Huh. Didn't see you there, but I guess I was out at sea most of the time.
All right, J Law. Maybe I'm comin' out hot again. If Paul trusts you that much, I can work on this. So let me try again. Anna Amarande, self-taught swordswoman and fellow hot babe enjoyer.
Yeah well- I'm probably not making it any fucking easier. For the kid's sake I'm willing to give it another go. Good to fucking meet you, Anna. I think I have another FBI shirt if you want to join the Female Body Inspectors. Gave Gideon a matching one when she came in second at the tournament.
As for the fucking sea monster. I was mostly teaching the kids, organizing some movie nights for morale and giving that Flynn Schifo prick a hard time. I was a little out of my depth against the actual monster but when push came to shove I got old Black Eyes to give me a boost so I could give it a drop kick before it took me down.
Ha. Careful what you say about Flynn. He was one of my best friends, when he was here. Before the sea took him. But he probably deserved to take a little shit from you. He was way more than a little uptight.
I appreciate the shirt offer, but my girlfriend already knows whose body I'm inspecting every night.
Eh. He wasn’t that bad. He just caught me pulling a prank on freckles here. Ruined some fun but he could have been a lot worse. He just needed to get that stick pulled out of his ass.
Made me a sick ramp out of skeletons and a posse to kick the shit out of that thing. It was fucking metal.

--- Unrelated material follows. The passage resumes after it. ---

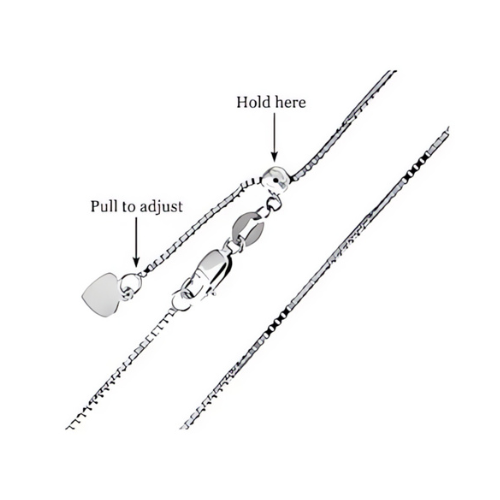 Yellow gold plated Italian box chain on display.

Yeah. You know what? That shit kicks ass. I tried to get him to explode a lightning rod of bones out of the leviathan so I could blow it up from the inside out, but I guess that one didn't pan out. Still got to tell the Moss King to suck my dick and solved my problem that way. And honestly, I still have some skeletons help with my shows sometimes. Backup dancers and real simple percussion when I didn't get the chance to program anything. It's some real 80s hair metal shit. Iron Maiden, eat your heart out.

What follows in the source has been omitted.